Jesus, now risen, has joined them on this journey.  But, they fail to recognize him. Why? Maybe their discouragement is so great that they simply can’t see the obvious.  If you’ve ever tried to get someone’s attention when they’re concentrating on something else it might be like that. Or maybe Jesus’ was so transformed after the resurrection that his appearance was somehow different, yet the same. Yet, don’t we too often go through times of belief and unbelief or at least wonder at times if God is deaf to our prayers or blind to our problems?
Still, the point is that Jesus walks with them in their confusion and discouragement then begins to uncover the Scriptures for them.  How everything they wondered about was self-evident if they would only look with the eyes of faith. That faith in the risen Christ is the source of all truth and if we would just believe that, we could see his presence in the Word. That he is indeed the gift of the Father and Savior of Israel and all who would profess faith in him.  

The allusion to the early liturgical assemblies in which the Christians gathered to reflect on the Scriptures should be clear.  This Jesus they followed was foretold by the Law and the Prophets and here he is! We too gather in our Liturgy of the Word, the first part of our Mass, and we too should see and hear with the eyes and ears of faith.  We too can say, he is here! Where else can you see him?
At one point, hospitality takes on its best character and the two disciples, now more than curious to hear more from this wise and comforting companion, invite him to stay for the evening meal. Jesus becomes the host of the meal and as he did with the loaves and fish, as he did at the Last Supper with his Apostles, and as he does now – he breaks bread with them.  Then suddenly, “With that their eyes were opened and they recognized him.”

Their encounter with the risen Christ was not a hallucination or a dream.  It was real and so is ours when we too break bread – and Christ is present to us under the signs of bread and wine.  Jesus is the host of every Mass and looks upon us with the same love and concern he did with those disciples in Emmaus.
Then, it all made great sense.  They had walked away from the very person they were searching for so they immediately set back to Jerusalem to share the joy of finding the risen Christ – to share the good news with their brothers: “The Lord has truly been raised!” Like our newly baptized and initiated and like all of us we must always turn back to Christ and his Church.
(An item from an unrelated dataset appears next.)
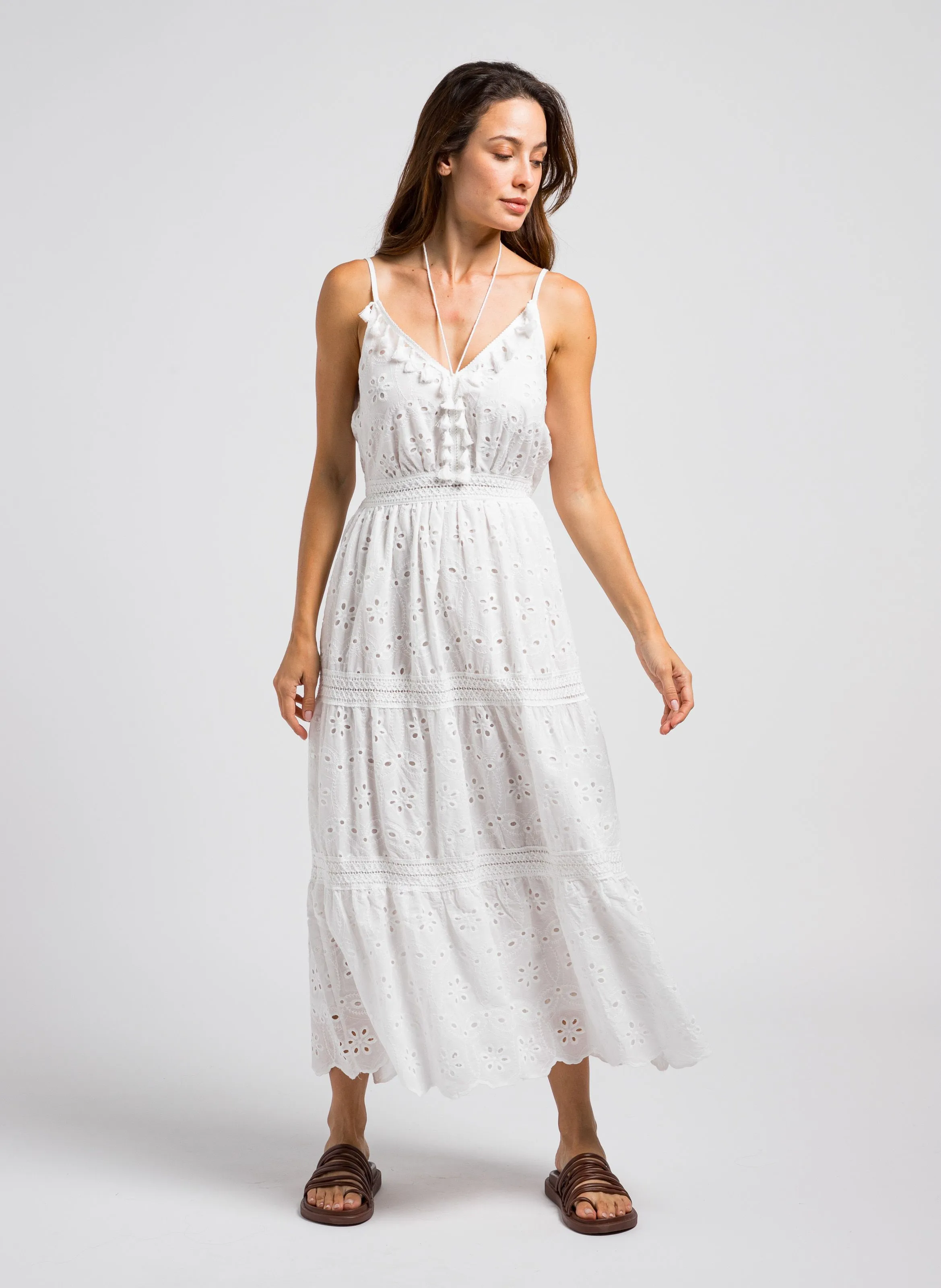 KARL MARC JOHN ROSE  VESTIDO DE TIRANTES BORDADO DE ALGODóN EN BLANCO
Yet, how many have walked away from the Church and how do we feel about them?  Do we blame them?  Do we judge them? Do we not care – out of sight so out of mind? Do we cry for them or just wring our hands?  How about inviting them?
In his rich Apostolic Exhortation the Joy of the Gospel, Pope Francis opens:

“I invite all Christians, everywhere, at this very moment, to a renewed personal encounter with Jesus Christ, or at least an openness to letting him encounter them; . . . No one should think that this invitation is not meant for him or her, since ‘no one is excluded from the joy brought by the Lord.’” (# 3).  
We are all invited. The disciples’ hearts were open because Jesus gently walked with them and patiently accepted without judgment where they were then led them to see more. Finally, they saw him and ran back to Jerusalem – to the Church.

This is evangelization.  To accept the invitation offered to every one of us for a renewed encounter with Jesus Christ.  In Word and Sacrament we see him.  In the face of one another we are invited to see him – especially in the poor and those who are discouraged.
Try this.  Look into the face of an infant in arms and I dare you to not see the face of God! How blind can we be at times?  God saves us from discouragement and our own self-absorption.

The Church which ‘goes forth’ is a community of missionary disciples
Who take the first step, . . .an evangelizing community
knows that the Lord has taken the initiative, he has loved us first
and therefore we can move forward, boldly take the initiative,
go out to others, seek those who have fallen away,
stand at the crossroads and welcome the outcast.”